### DATASET
====
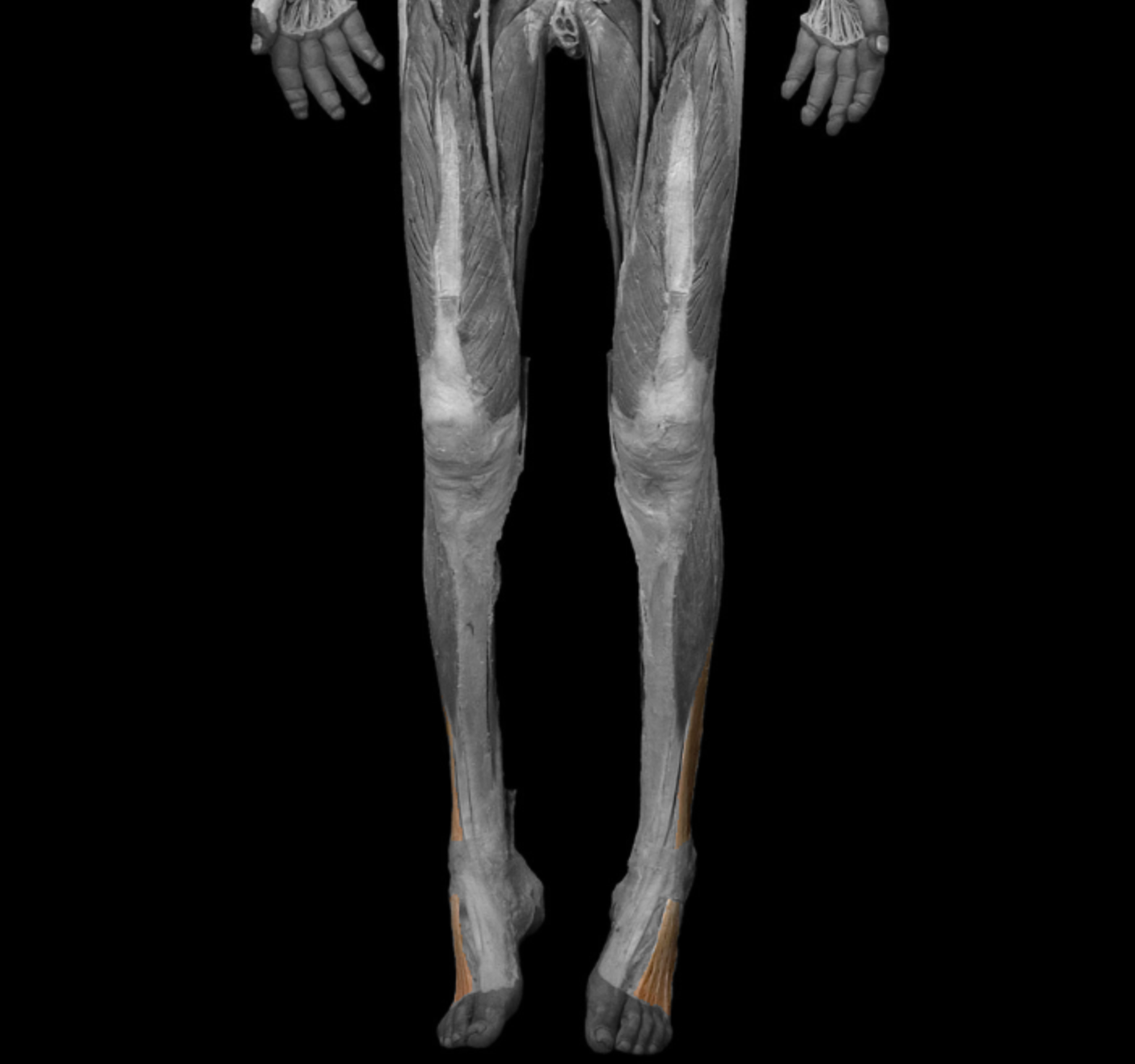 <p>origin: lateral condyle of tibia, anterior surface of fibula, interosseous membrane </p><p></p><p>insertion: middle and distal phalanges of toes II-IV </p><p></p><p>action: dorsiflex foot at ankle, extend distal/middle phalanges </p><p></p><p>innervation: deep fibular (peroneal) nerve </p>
====
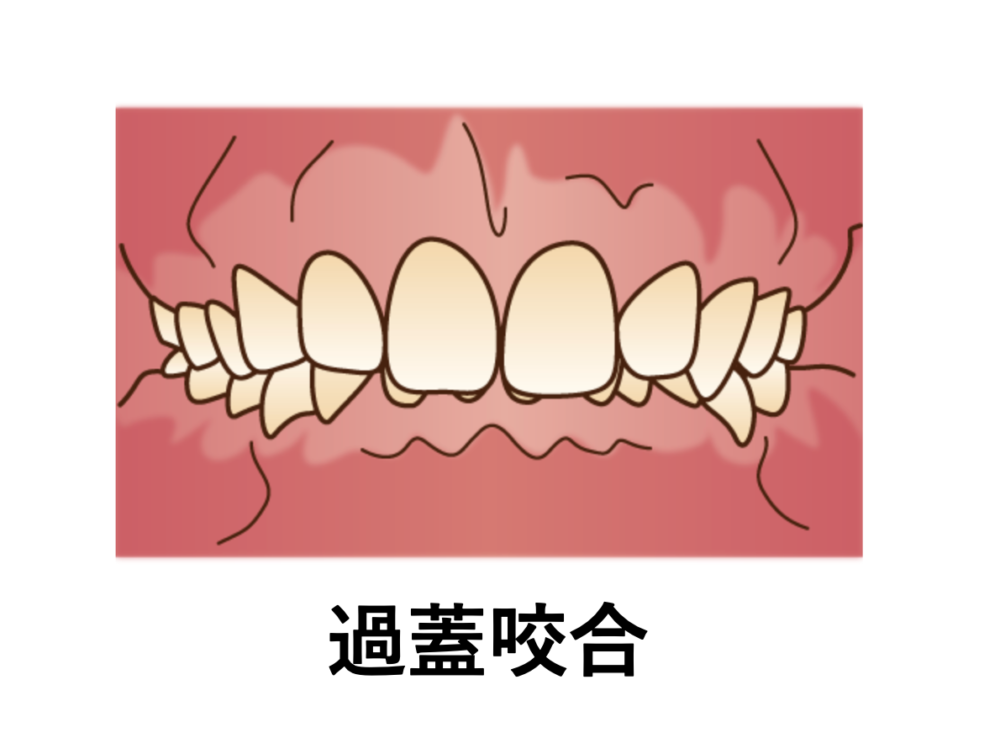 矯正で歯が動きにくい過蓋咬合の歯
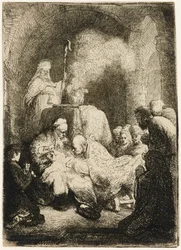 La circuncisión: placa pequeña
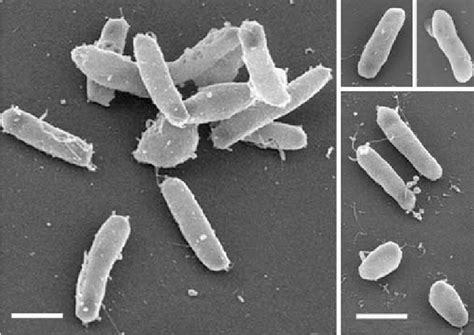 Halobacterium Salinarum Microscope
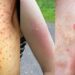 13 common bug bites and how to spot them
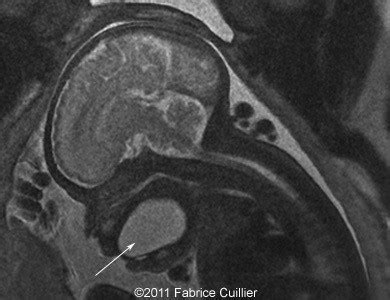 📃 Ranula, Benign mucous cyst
====
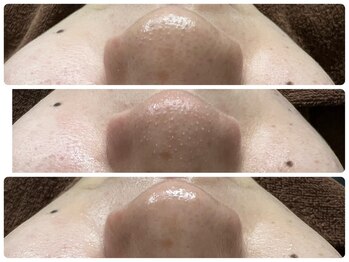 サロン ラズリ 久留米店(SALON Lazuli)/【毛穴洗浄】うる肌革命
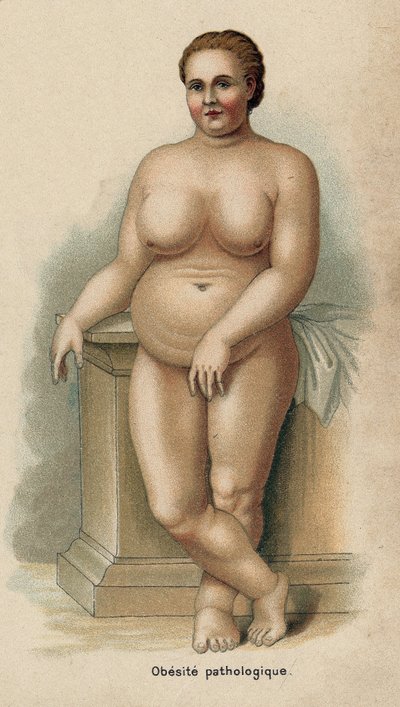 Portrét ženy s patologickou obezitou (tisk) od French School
====
### WHAT TO PRODUCE
Output exactly the lines above that lie between the line with "13 common bug bites and how to spot them" and the line with "Benign mucous cyst", those two lines included, and no pictures.

### RESULT FOR THIS EXERCISE
 13 common bug bites and how to spot them
 📃 Ranula, Benign mucous cyst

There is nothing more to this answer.